(Data shown)
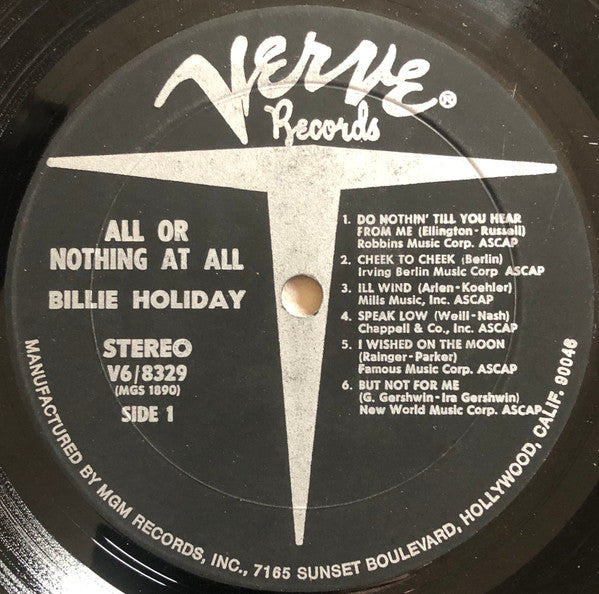 Billie Holiday : All Or Nothing At All (LP, Album, RE)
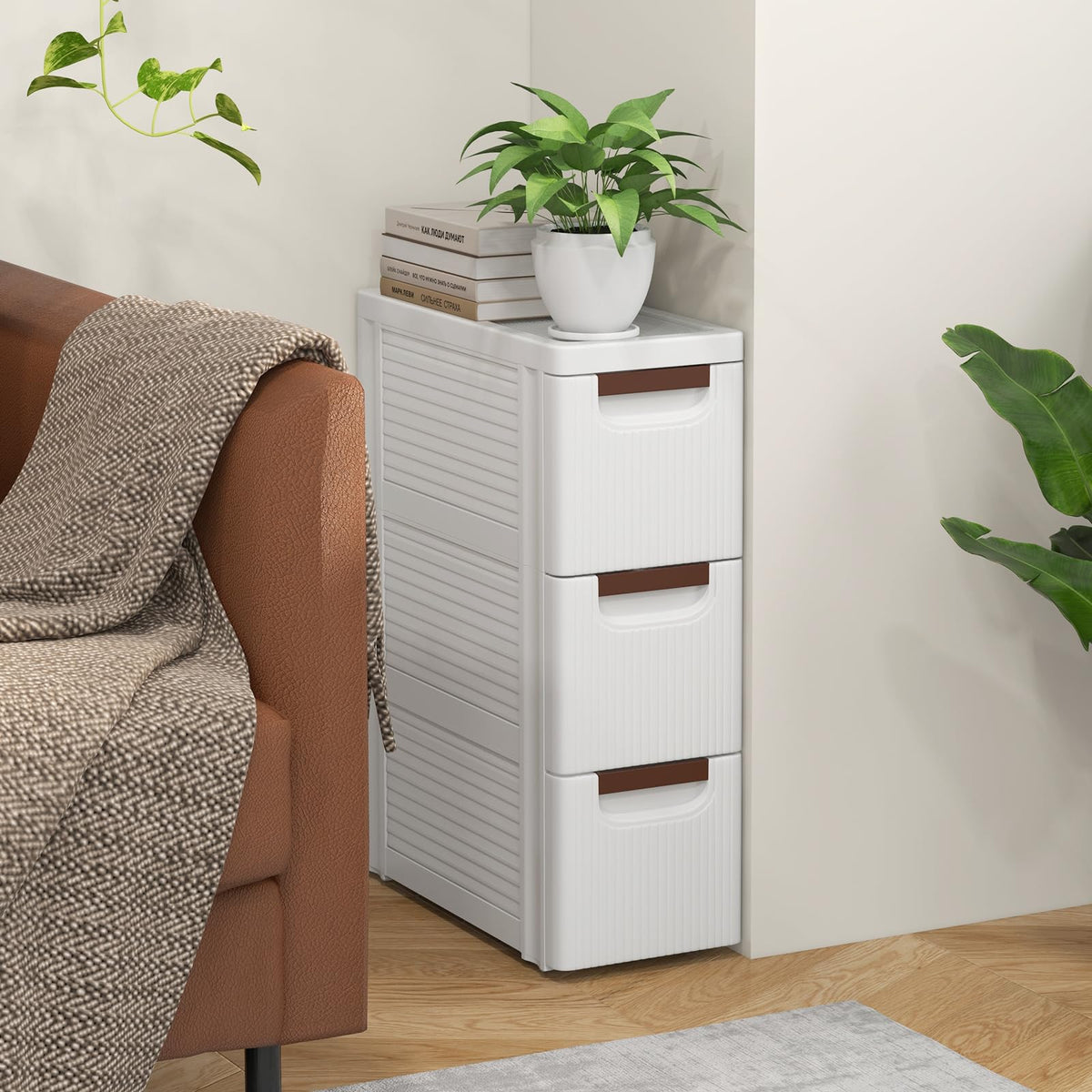 3 Drawer Narrow Rolling Storage Cart with 4 Wheels V92324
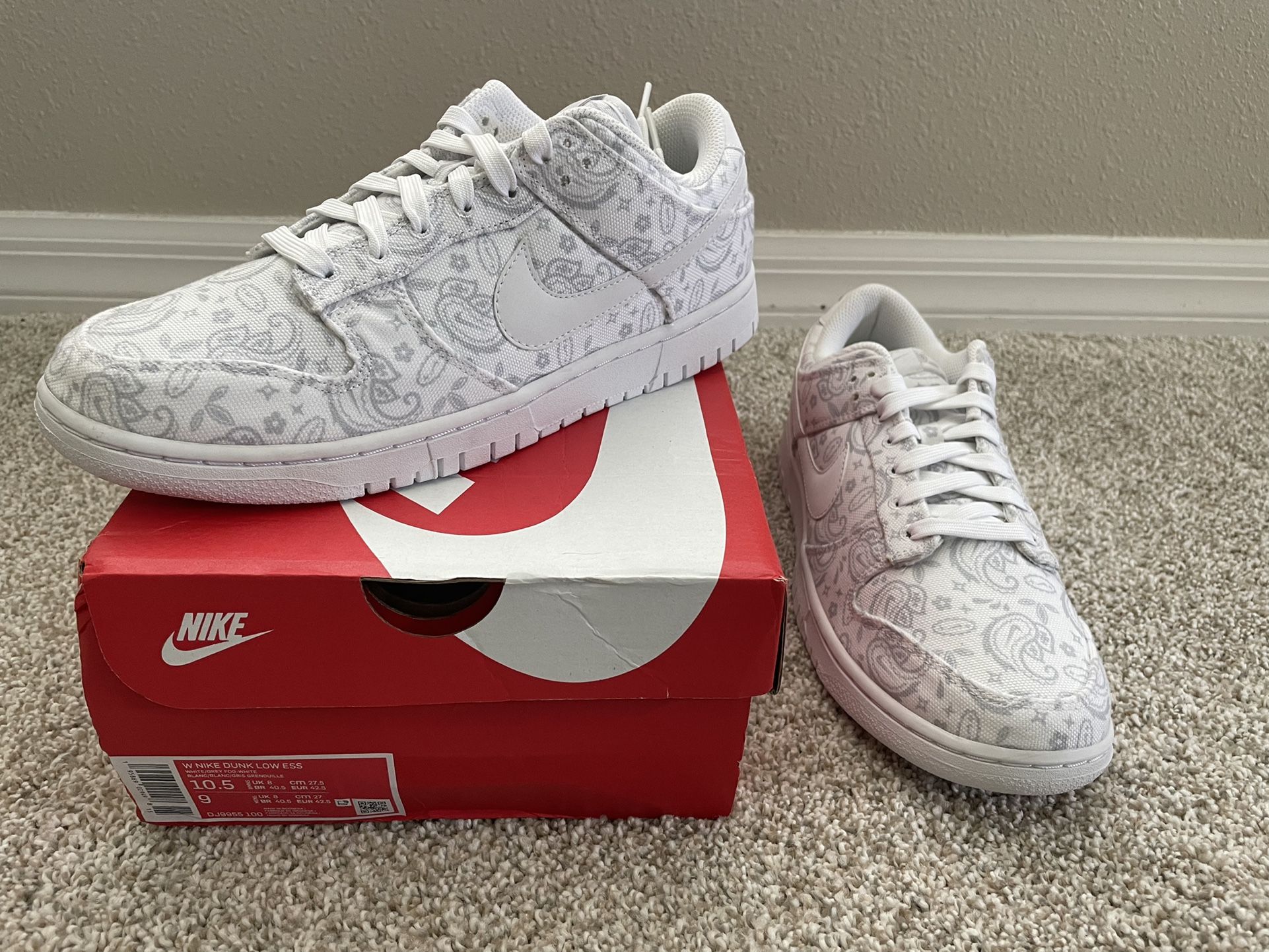 New Nike Dunk Low White Paisley Men Size 9 Women Size 10.5 - www 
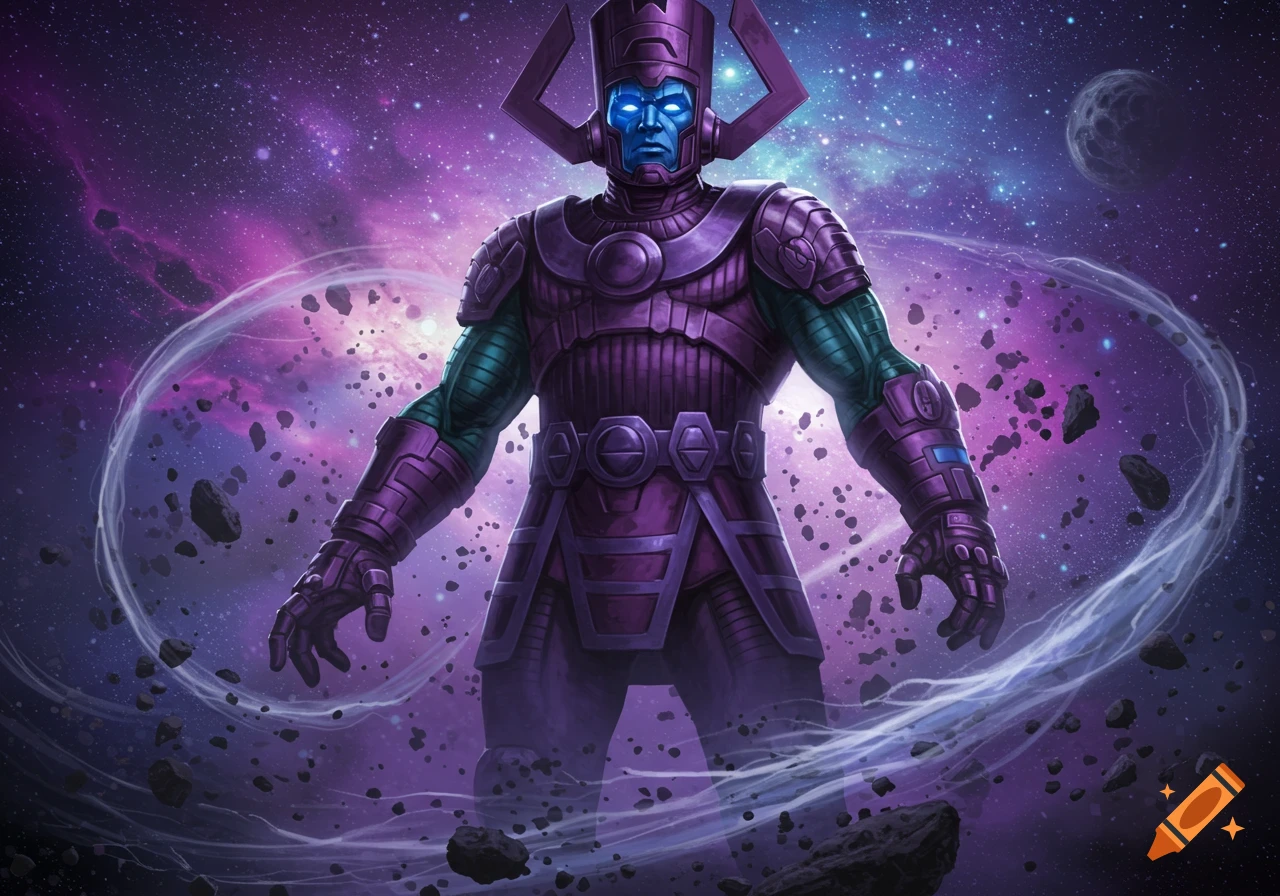 Galactus, a large cosmic being in purple and green armor, stands in a vibrant purple galaxy filled with stars and debris.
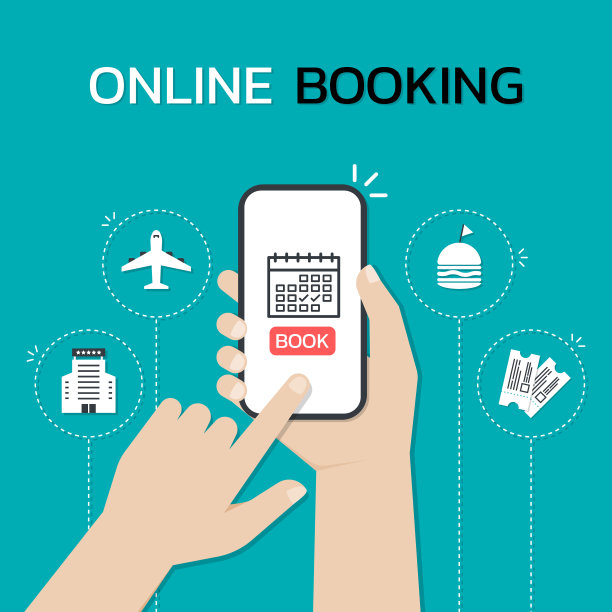 手持智能手机，触摸屏幕的同时使用在线预订移动应用程序，概念预订酒店，预订机票，预订电影票，预订餐厅。图片下载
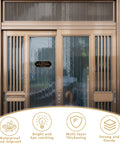 No Soliciting Sign For Front Door Self Adhesive Vinyl Modern Sign For Home House Business Apartments And Office Doors Black Gold Durable Easy Peel And Stick For Indoor Use on a glass door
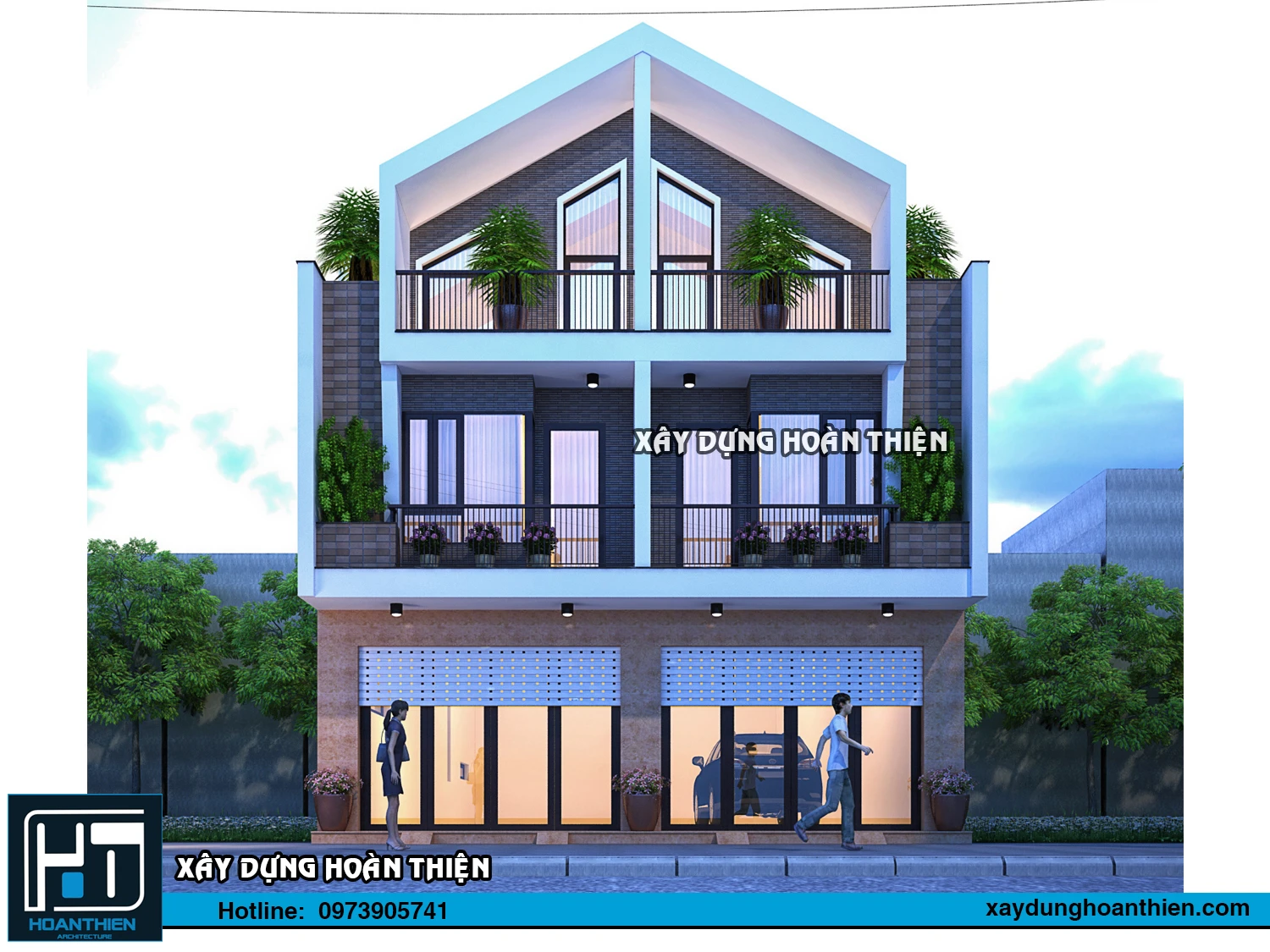 Thiết kế nhà ống 3 tầng hiện đại diện tích 5x20m tại Hải Phòng Thiết kế nhà ống 3 tầng hiện đại diện tích 5x20m tại Hải Phòng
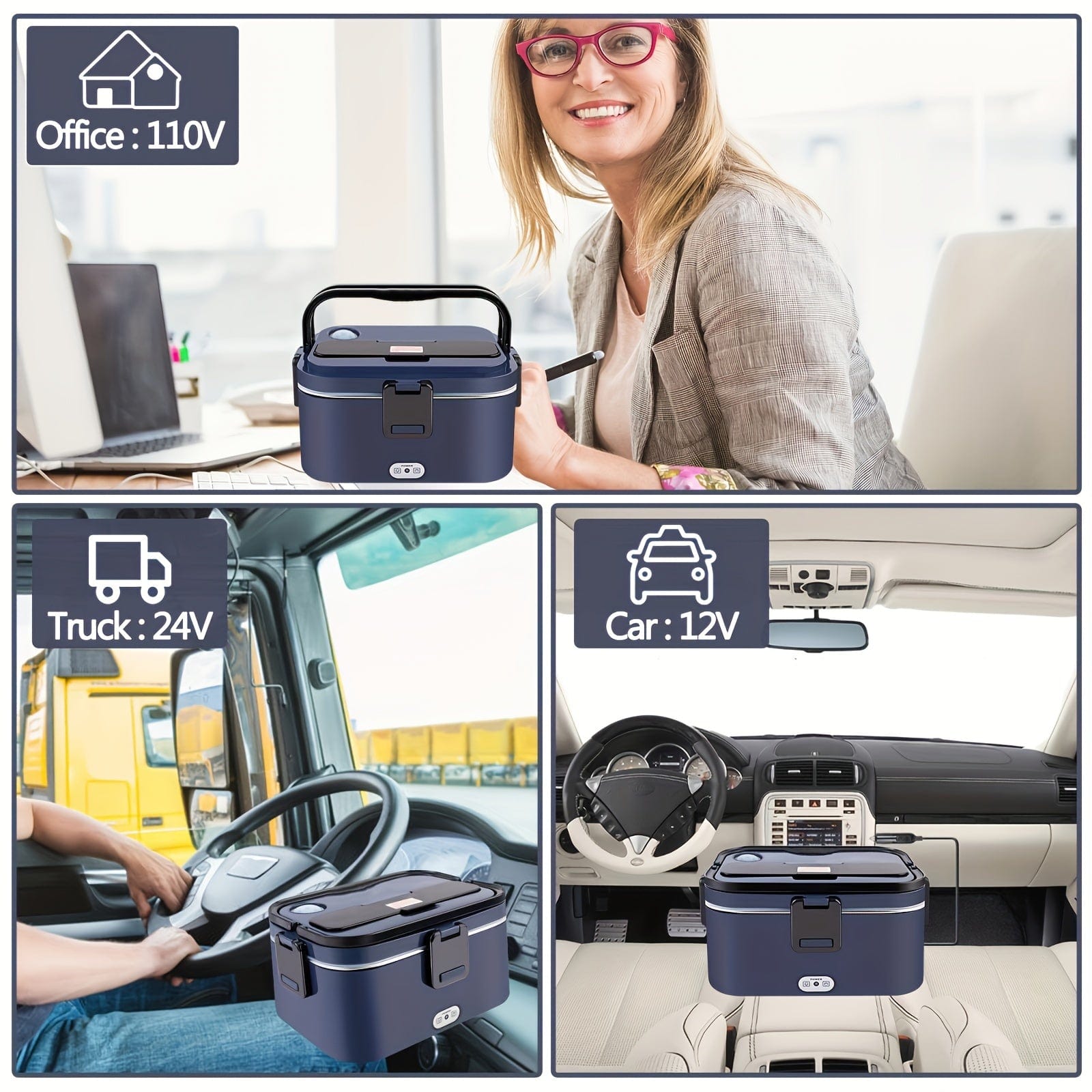 Showlu Fashion Store JIYALI portable food heater in military green with stainless steel container, ideal for car, home, and truck use.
(End Data shown)
Exercise goal
Output all entries unchanged; skip the pictures.

Task answer
 Billie Holiday : All Or Nothing At All (LP, Album, RE)
 3 Drawer Narrow Rolling Storage Cart with 4 Wheels V92324
 New Nike Dunk Low White Paisley Men Size 9 Women Size 10.5 - www 
 Galactus, a large cosmic being in purple and green armor, stands in a vibrant purple galaxy filled with stars and debris.
 手持智能手机，触摸屏幕的同时使用在线预订移动应用程序，概念预订酒店，预订机票，预订电影票，预订餐厅。图片下载
 No Soliciting Sign For Front Door Self Adhesive Vinyl Modern Sign For Home House Business Apartments And Office Doors Black Gold Durable Easy Peel And Stick For Indoor Use on a glass door
 Thiết kế nhà ống 3 tầng hiện đại diện tích 5x20m tại Hải Phòng Thiết kế nhà ống 3 tầng hiện đại diện tích 5x20m tại Hải Phòng
 Showlu Fashion Store JIYALI portable food heater in military green with stainless steel container, ideal for car, home, and truck use.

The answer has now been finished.